First Posted: 1/15/2009
LUMBERTON - Robeson County has received $2.1 million from the North Carolina Education Lottery. Three more payments are expected before the end of the fiscal year on June 30.
The state lottery transferred $95 million into the Education Lottery Fund on Thursday. Thirty-five percent of the sales must go to education.
Erica Setzer, assistant finance officer for the public schools, said the system must submit a plan on how it plans to spend the money. The school board is expected to discuss the issue at its meeting on Monday.
As it stands, more than $1.2 million is expected to go to the county's More At Four preschool program. Robeson officials are expected to set aside another $822,657 for school construction.
“I think it is wonderful to finally see the proceeds come back to the school system and do what it was intended to do,” said board member Tony Jenkins, who is the Finance Committee chairman.
Mary Schultz, director the Early Years program, oversees the More at Four program, a joint venture between the schools and Robeson County Partnership for Children.
“These children need a preschool experience,” Schultz said.
The More at Four program serves 481 children in the county at several private and public sites. The program is for at-risk 4-year-olds whose families meet income criteria.
“I've haven't received any official word, but we will follow the state guidelines as to how the money can be spent,” Schultz said.
The board has talked about installing air conditioning units in gymnasiums with the money. Other targeted needs include parking lot paving, installing lights at the county's high school softball fields and lighting and resurfacing several tennis courts.
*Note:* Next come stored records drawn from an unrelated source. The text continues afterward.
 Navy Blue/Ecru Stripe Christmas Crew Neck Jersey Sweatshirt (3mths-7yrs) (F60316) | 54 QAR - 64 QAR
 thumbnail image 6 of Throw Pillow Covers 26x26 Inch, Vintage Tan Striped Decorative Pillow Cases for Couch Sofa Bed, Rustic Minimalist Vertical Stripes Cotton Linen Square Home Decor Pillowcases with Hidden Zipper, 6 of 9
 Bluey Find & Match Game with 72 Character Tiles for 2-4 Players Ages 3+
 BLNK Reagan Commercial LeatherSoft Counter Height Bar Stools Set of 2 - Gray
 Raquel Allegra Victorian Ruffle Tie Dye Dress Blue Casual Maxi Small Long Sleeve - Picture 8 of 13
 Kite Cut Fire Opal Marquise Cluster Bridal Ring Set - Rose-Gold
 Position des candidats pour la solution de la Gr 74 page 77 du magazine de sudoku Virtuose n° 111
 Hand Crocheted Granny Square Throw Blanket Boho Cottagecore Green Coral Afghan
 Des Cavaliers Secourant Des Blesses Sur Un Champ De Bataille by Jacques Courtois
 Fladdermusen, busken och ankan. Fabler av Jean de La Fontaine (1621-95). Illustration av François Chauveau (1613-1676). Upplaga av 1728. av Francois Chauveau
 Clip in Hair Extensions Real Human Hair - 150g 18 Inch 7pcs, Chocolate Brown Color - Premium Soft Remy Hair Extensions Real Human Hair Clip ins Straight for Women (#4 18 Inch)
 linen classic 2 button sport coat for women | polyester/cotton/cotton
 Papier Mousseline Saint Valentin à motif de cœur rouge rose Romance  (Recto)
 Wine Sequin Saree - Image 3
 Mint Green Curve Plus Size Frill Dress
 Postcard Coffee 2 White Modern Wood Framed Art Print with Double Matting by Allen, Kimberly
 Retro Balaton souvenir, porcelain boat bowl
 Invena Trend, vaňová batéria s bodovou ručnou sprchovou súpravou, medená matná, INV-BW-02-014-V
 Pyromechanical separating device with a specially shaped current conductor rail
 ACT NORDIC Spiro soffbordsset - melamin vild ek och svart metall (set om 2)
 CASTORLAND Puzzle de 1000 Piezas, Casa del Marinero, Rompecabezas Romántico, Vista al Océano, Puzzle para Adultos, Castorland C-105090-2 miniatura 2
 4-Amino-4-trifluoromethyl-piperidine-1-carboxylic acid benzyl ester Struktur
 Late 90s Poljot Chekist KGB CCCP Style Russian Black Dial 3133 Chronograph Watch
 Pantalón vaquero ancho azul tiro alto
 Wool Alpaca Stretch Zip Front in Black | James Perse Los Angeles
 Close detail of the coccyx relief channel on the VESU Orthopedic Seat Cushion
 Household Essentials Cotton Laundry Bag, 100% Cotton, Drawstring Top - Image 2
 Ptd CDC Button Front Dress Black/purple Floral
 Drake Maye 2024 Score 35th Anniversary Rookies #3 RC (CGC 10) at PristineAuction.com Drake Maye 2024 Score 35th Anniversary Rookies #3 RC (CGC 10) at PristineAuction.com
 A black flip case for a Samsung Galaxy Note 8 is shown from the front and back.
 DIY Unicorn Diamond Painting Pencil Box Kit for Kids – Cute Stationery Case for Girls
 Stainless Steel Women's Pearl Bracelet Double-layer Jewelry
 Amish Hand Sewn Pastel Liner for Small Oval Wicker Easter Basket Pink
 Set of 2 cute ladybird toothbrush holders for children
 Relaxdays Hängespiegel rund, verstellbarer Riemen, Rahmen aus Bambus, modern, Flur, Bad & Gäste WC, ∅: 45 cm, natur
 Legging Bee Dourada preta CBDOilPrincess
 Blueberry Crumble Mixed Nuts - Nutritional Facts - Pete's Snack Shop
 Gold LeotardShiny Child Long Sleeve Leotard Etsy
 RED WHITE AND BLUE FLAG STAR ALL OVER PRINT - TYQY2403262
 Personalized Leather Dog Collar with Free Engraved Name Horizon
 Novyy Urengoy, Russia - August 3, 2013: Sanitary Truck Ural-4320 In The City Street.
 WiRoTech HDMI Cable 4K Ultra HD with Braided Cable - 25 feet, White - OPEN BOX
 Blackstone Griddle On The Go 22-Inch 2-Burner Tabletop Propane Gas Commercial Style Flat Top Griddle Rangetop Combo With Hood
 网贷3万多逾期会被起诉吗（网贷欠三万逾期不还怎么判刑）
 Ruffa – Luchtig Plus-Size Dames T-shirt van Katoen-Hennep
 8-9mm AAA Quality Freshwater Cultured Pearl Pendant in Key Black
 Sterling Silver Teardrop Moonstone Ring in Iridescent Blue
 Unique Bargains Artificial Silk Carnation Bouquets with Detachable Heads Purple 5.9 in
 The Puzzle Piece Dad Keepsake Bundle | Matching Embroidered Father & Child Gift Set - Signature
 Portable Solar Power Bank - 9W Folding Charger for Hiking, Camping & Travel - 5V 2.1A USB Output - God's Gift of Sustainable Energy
The Public Schools of Robeson County is the ninth largest recipient of money, according to the state Association of County Commissioners. How much individual school systems receive depends on a system’s population and a county’s tax rate. The county is expected to receive almost $3.7 million during the current fiscal year, with additional payments in January, April and June. That figure is expected to swell to as much as $4.4 million by 2010.
Board Chairman John Campbell is a Baptist preacher who is opposed to the lottery.
“Morally, I did not support gambling but when you got lemons, you make lemonade,” he said. “There will be a lemon effect … those families who will be negatively impacted by this through addiction. We haven't seen the total impact, but we will celebrate the positive impact while we can.”
Campbell said he would like to see more of the money funneled into the classrooms.
According to the state lottery commission, North Carolina's lottery dedicates a higher percentage of proceeds toward education than most other states in the nation. State law requires that at least 50 percent of the total proceeds be paid out in prizes - no more than 8 percent for administrative costs, 7 percent to retailers and the remaining 35 percent to education.
“We are grateful for any assistance we can get because we are in a low tax base county,” Campbell said. “We appreciate it and we'll make good of any we receive.”
The state Department of Public Instruction manages the distribution of the funds except what is designated for college scholarships, which is handled by the North Carolina State Education Assistance Authority.
“The transfer of much-needed education funding for our students and their schools will be a tremendous help as we continue our efforts to build new schools, hire new teachers and educate our kids,” said state Rep. Garland Pierce. “Whether you support the lottery or not, the real winners from North Carolina’s lottery are our students and their schools.”
Since the lottery started on March 30, a total of $145 million has been raised statewide for education. The first installment is from lottery sales from July to September.